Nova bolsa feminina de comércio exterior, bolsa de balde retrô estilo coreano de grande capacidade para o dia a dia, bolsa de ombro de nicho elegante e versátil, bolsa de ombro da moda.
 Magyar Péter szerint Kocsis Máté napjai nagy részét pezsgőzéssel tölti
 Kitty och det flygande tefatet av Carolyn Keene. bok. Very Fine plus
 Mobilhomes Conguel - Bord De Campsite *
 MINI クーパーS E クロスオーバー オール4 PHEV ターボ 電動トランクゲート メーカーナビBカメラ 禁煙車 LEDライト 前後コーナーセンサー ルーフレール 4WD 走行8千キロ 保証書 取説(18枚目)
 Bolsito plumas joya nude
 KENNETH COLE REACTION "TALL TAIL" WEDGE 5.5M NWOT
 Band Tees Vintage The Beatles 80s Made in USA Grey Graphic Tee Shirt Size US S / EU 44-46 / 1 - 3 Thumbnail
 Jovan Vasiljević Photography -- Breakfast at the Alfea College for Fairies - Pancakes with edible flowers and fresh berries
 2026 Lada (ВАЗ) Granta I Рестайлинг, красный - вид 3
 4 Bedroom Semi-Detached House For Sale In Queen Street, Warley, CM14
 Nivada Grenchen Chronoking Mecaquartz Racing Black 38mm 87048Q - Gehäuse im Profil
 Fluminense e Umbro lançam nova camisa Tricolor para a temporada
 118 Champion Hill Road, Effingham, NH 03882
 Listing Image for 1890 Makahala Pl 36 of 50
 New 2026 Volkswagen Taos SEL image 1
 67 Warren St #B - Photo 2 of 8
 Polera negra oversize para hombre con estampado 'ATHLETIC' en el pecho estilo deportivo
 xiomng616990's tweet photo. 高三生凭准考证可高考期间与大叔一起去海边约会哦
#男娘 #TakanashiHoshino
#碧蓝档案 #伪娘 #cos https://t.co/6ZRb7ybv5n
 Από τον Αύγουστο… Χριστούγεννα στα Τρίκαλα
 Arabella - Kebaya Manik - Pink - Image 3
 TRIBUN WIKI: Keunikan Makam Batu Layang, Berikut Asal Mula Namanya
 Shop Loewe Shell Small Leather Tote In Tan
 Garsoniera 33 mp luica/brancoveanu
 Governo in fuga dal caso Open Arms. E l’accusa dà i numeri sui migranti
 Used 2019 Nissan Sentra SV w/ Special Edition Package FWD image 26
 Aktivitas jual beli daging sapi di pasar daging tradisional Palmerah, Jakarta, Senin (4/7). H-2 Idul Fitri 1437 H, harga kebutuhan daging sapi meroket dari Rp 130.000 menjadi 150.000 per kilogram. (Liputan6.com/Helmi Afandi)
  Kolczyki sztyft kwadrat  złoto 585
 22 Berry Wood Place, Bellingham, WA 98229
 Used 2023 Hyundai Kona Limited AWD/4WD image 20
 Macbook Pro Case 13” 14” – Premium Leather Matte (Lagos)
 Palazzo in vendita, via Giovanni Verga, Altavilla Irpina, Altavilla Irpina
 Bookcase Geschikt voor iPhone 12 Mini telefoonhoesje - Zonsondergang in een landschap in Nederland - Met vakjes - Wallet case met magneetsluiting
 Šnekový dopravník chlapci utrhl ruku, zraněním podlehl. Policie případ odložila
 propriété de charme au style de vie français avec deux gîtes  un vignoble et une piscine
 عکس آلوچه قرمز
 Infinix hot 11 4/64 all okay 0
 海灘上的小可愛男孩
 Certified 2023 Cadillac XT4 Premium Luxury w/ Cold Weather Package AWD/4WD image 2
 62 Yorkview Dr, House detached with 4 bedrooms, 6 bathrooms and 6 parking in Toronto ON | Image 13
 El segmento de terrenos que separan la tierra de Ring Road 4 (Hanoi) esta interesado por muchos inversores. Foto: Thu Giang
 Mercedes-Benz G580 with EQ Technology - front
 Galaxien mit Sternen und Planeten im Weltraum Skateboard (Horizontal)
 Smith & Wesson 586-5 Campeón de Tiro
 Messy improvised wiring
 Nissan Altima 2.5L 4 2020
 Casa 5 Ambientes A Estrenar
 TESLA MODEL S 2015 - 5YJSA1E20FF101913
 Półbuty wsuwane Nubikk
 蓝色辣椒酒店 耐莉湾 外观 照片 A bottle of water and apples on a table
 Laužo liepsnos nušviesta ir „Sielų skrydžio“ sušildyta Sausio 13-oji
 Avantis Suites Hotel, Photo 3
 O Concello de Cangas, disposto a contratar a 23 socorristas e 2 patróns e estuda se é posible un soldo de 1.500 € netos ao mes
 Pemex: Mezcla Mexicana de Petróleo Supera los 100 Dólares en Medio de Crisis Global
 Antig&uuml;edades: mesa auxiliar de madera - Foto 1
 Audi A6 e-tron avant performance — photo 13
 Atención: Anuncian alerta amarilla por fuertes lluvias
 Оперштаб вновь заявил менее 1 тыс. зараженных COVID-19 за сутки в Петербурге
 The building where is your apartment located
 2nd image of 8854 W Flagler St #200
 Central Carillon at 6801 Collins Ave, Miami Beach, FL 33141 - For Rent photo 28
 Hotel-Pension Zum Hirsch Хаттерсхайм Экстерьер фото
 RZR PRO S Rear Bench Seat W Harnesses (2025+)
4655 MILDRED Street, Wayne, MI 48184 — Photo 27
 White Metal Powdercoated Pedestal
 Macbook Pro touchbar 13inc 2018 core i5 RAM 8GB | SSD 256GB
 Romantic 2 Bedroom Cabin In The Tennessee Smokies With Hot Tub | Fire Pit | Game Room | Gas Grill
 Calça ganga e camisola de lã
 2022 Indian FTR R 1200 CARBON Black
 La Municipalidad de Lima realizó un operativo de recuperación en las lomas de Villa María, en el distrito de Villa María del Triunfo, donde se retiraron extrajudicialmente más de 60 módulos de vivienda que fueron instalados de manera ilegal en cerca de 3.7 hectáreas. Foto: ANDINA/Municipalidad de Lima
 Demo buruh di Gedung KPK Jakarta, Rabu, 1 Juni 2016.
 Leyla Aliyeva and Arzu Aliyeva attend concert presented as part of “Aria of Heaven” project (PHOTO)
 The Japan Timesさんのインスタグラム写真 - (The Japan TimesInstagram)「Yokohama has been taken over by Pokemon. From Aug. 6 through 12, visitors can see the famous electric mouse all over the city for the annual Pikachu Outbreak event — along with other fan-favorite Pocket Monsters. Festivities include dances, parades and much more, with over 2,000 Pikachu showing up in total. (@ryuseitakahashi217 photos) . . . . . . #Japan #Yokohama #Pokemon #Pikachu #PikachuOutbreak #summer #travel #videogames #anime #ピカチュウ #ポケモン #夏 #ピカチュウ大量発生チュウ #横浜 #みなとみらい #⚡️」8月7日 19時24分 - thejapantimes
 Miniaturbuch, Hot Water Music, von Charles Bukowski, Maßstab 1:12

● ● ● ● ●

• **ABOUT THIS EXERCISE**
All that should be written out is the stretch of lines above between the one holding "Nissan Altima 2.5L 4 2020" and the one holding "Оперштаб вновь заявил", inclusive, exactly as given.

• **OUTPUT FOR THIS TASK**
 Nissan Altima 2.5L 4 2020
 Casa 5 Ambientes A Estrenar
 TESLA MODEL S 2015 - 5YJSA1E20FF101913
 Półbuty wsuwane Nubikk
 蓝色辣椒酒店 耐莉湾 外观 照片 A bottle of water and apples on a table
 Laužo liepsnos nušviesta ir „Sielų skrydžio“ sušildyta Sausio 13-oji
 Avantis Suites Hotel, Photo 3
 O Concello de Cangas, disposto a contratar a 23 socorristas e 2 patróns e estuda se é posible un soldo de 1.500 € netos ao mes
 Pemex: Mezcla Mexicana de Petróleo Supera los 100 Dólares en Medio de Crisis Global
 Antig&uuml;edades: mesa auxiliar de madera - Foto 1
 Audi A6 e-tron avant performance — photo 13
 Atención: Anuncian alerta amarilla por fuertes lluvias
 Оперштаб вновь заявил менее 1 тыс. зараженных COVID-19 за сутки в Петербурге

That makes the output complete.